__Your instructions__:
Copy out and return the lines from the one holding "I Am Proud Of" to the end of the listing below, both included, omitting the pictures.
======
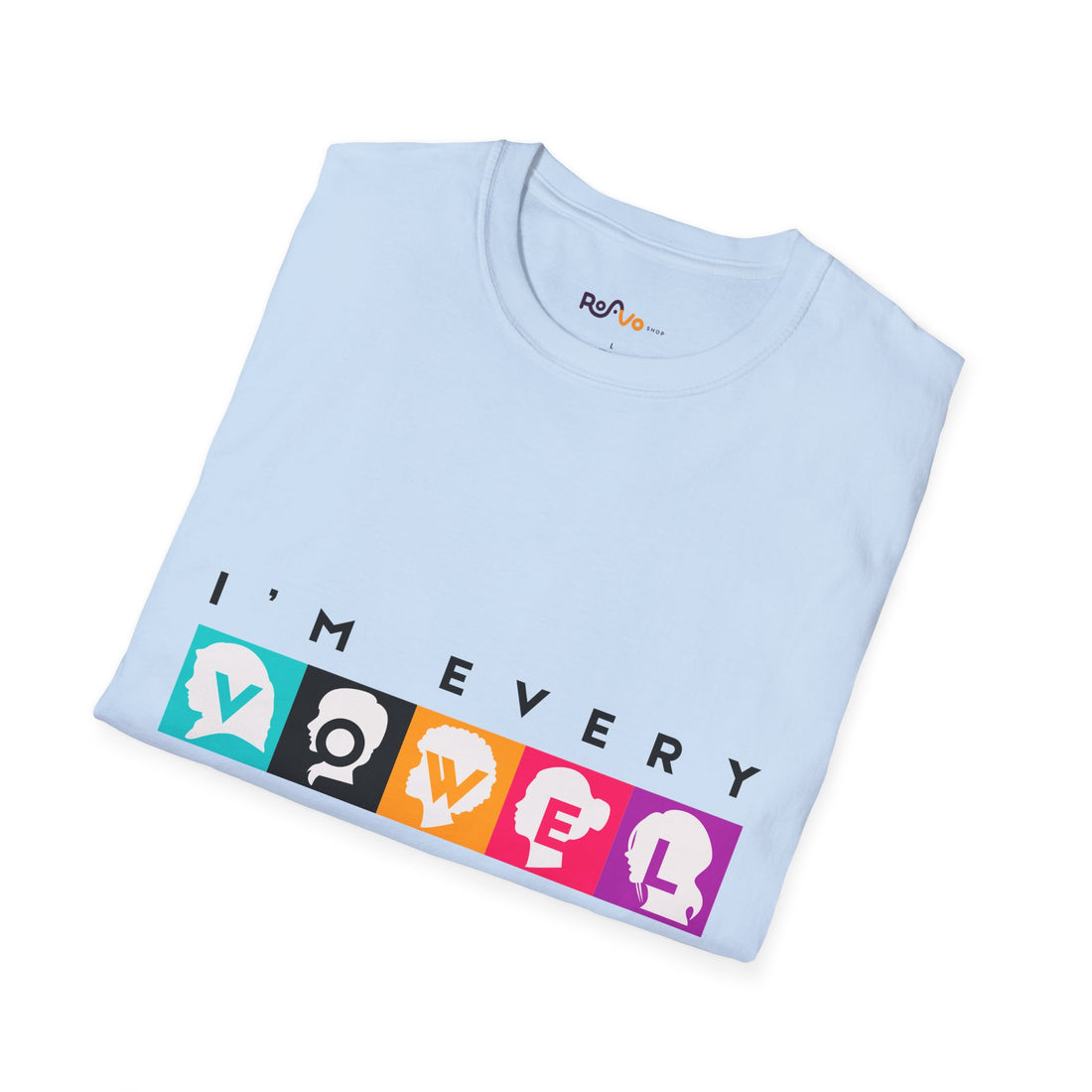 I’m Every Vowel T-Shirt - Light & Minimalist #WomenInVO Softstyle Tee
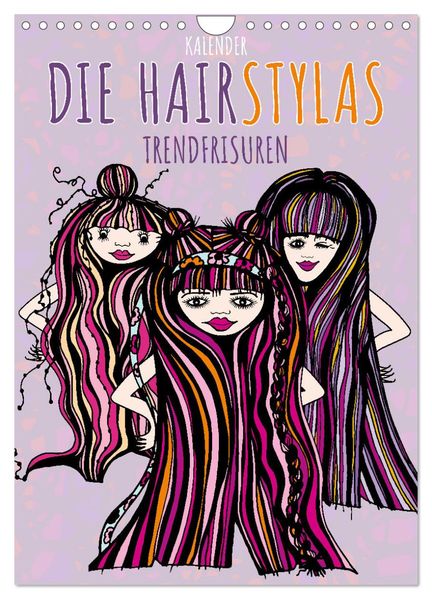 Die HAIRSTYLAS Trendfrisuren (Wandkalender 2026 DIN A4 hoch) CALVENDO Monatskalender
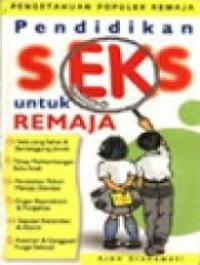 Image of PENDIDIKAN SEKS UNTUK REMAJA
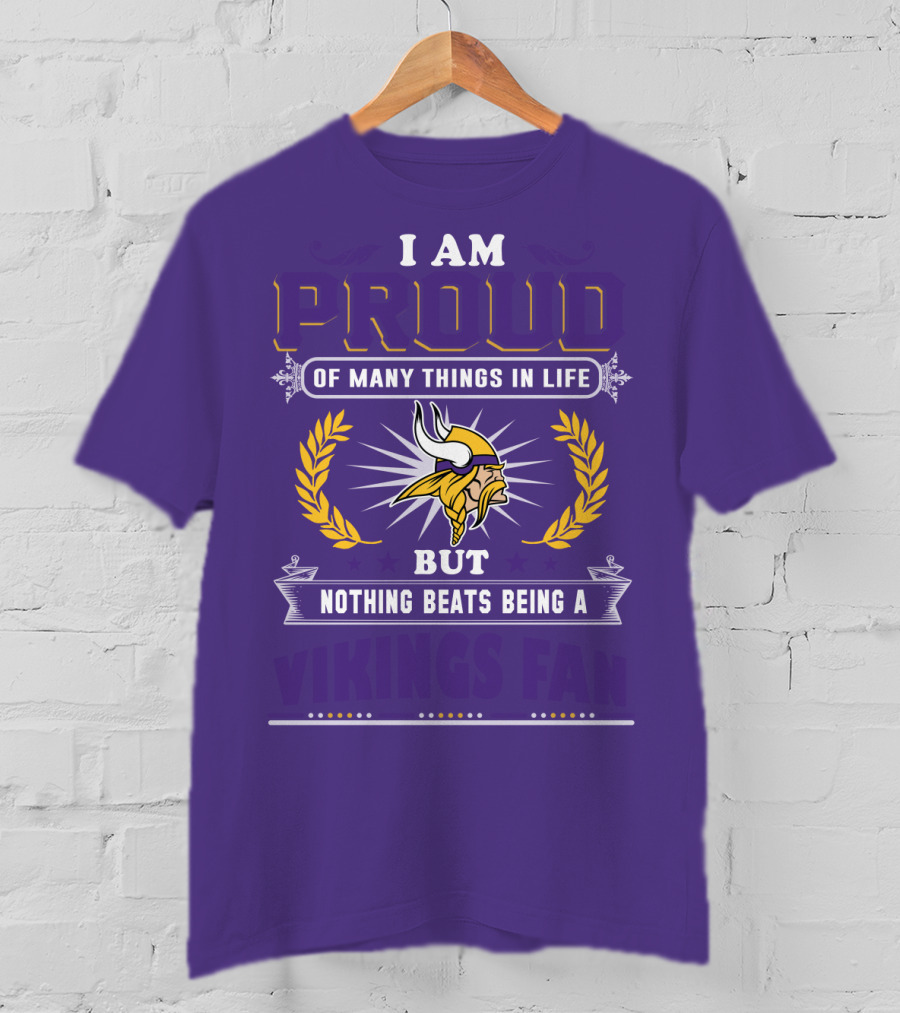 I Am Proud Of Many Things In Life But Nothing Beats Being A Vikings Fan Minnesota Vikings T-Shirt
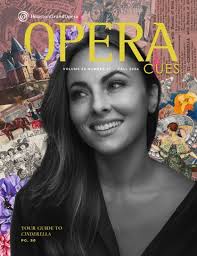 Opera Cues Fall24 Volume 65 Number 01-Cinderella by hougrandopera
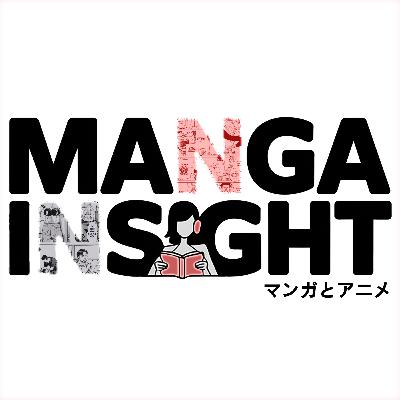 Manga Insight - Le podcast qui met le manga à nu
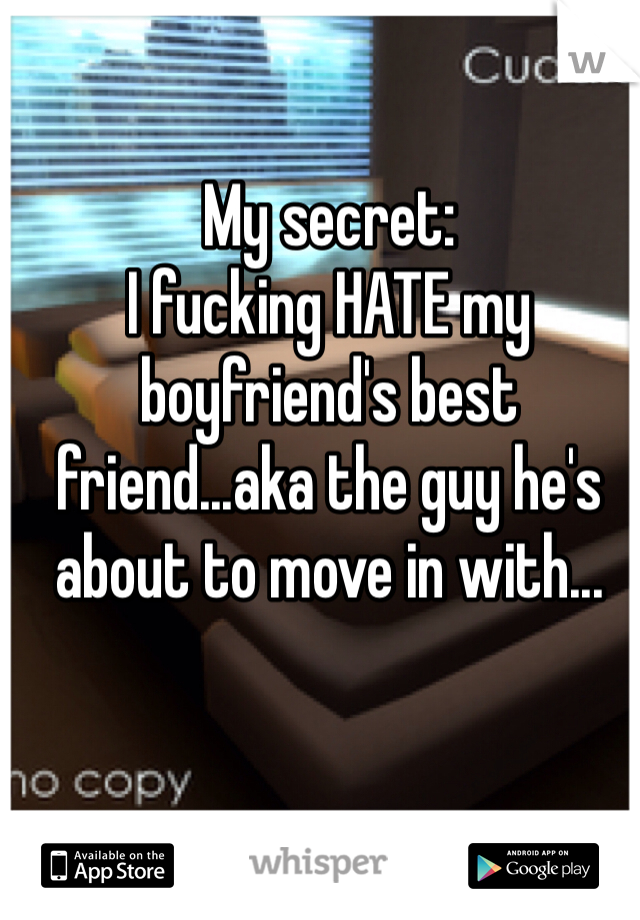 My secret: 
I fucking HATE my boyfriend's best friend...aka the guy he's about to move in with...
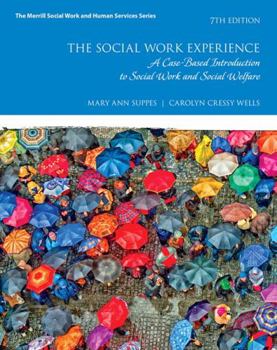 Paperback The Social Work Experience: A Case-Based Introduction to Social Work and Social Welfare with Enhanced Pearson Etext -- Access Card Package [With Acces Book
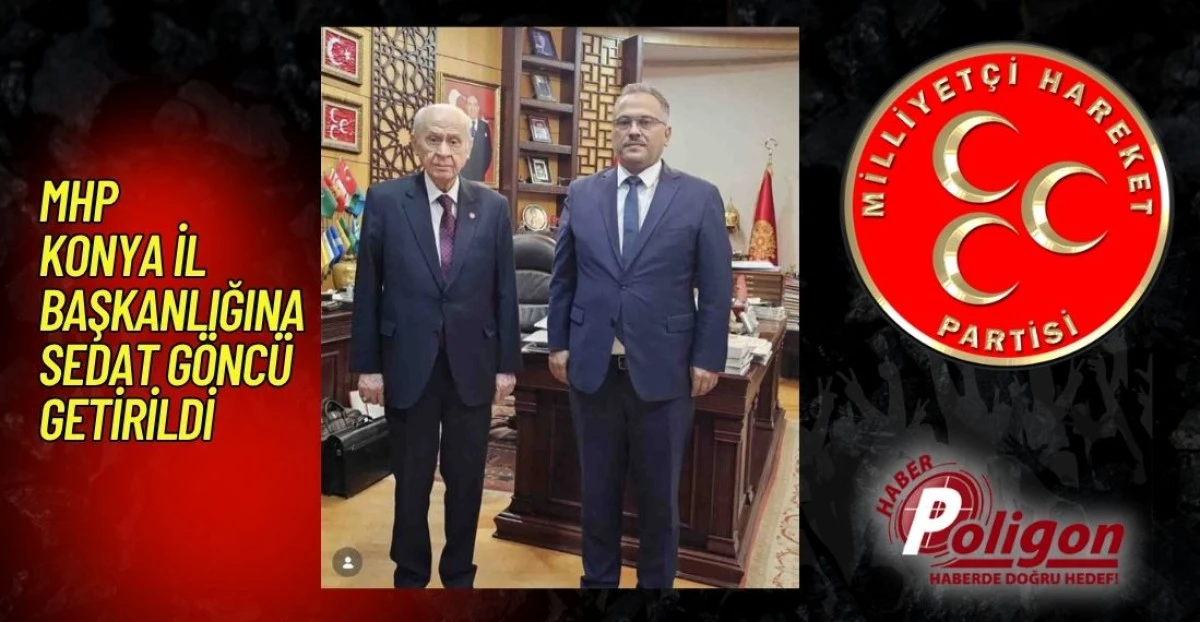 MHP KONYA İL BAŞKANLIĞINA SEDAT G&Ouml;NC&Uuml; GETİRİLDİ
======
__Response__:
 I Am Proud Of Many Things In Life But Nothing Beats Being A Vikings Fan Minnesota Vikings T-Shirt
 Opera Cues Fall24 Volume 65 Number 01-Cinderella by hougrandopera
 Manga Insight - Le podcast qui met le manga à nu
 My secret: 
I fucking HATE my boyfriend's best friend...aka the guy he's about to move in with...
 Paperback The Social Work Experience: A Case-Based Introduction to Social Work and Social Welfare with Enhanced Pearson Etext -- Access Card Package [With Acces Book
 MHP KONYA İL BAŞKANLIĞINA SEDAT G&Ouml;NC&Uuml; GETİRİLDİ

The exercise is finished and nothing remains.